» **Data for this task**:
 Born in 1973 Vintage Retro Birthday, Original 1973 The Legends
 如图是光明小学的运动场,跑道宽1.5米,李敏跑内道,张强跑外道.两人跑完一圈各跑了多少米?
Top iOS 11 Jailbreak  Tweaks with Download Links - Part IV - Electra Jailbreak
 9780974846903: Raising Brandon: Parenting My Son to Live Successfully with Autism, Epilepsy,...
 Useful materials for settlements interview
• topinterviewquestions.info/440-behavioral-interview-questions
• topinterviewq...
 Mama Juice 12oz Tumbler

---

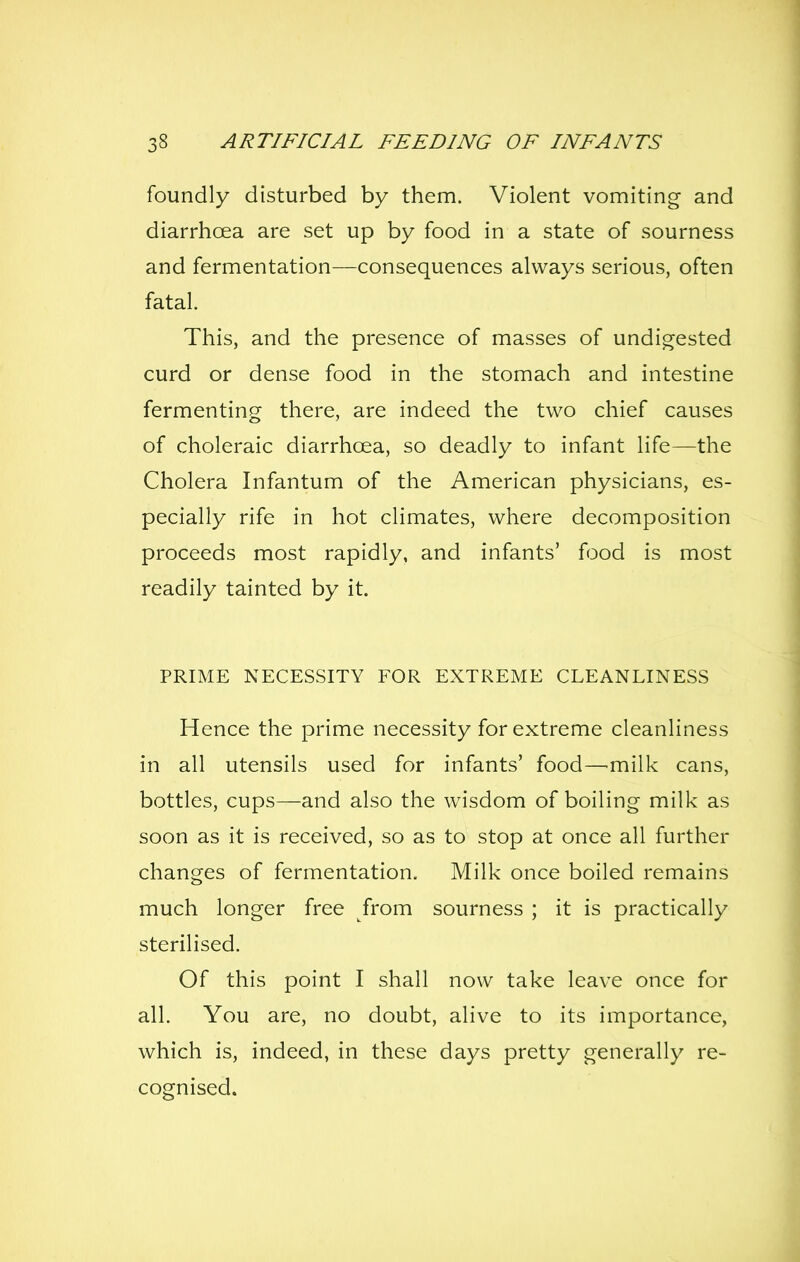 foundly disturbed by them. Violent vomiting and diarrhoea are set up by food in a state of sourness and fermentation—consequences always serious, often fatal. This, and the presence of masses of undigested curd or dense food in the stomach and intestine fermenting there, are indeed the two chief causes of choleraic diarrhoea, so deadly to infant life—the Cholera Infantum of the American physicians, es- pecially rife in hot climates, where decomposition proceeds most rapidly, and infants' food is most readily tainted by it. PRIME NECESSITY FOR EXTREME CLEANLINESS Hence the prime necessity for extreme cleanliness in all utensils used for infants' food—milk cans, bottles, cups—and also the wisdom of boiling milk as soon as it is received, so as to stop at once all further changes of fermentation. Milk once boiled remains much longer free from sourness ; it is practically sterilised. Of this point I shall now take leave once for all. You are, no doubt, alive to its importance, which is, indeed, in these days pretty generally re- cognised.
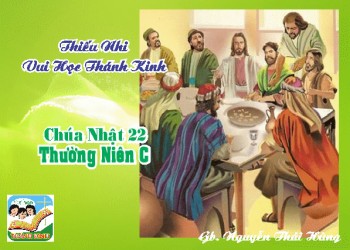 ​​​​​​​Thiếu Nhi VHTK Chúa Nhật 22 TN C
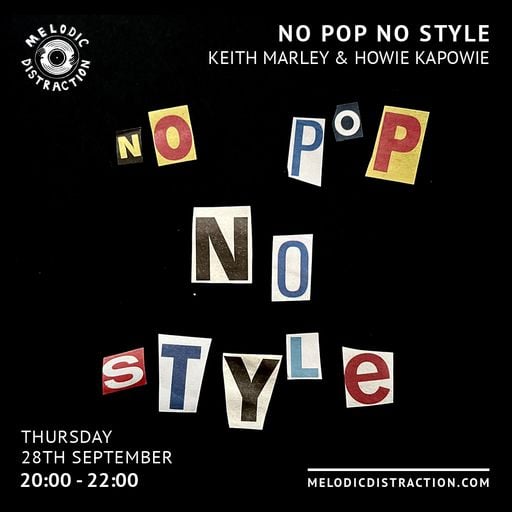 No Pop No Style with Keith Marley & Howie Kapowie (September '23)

» **Directions for this task**: From the line that has "Top iOS 11 Jailbreak" through the line that has "Mama Juice 12oz Tumbler", copy every line exactly as it appears above, and leave out all others.

» **Your response**:
Top iOS 11 Jailbreak  Tweaks with Download Links - Part IV - Electra Jailbreak
 9780974846903: Raising Brandon: Parenting My Son to Live Successfully with Autism, Epilepsy,...
 Useful materials for settlements interview
• topinterviewquestions.info/440-behavioral-interview-questions
• topinterviewq...
 Mama Juice 12oz Tumbler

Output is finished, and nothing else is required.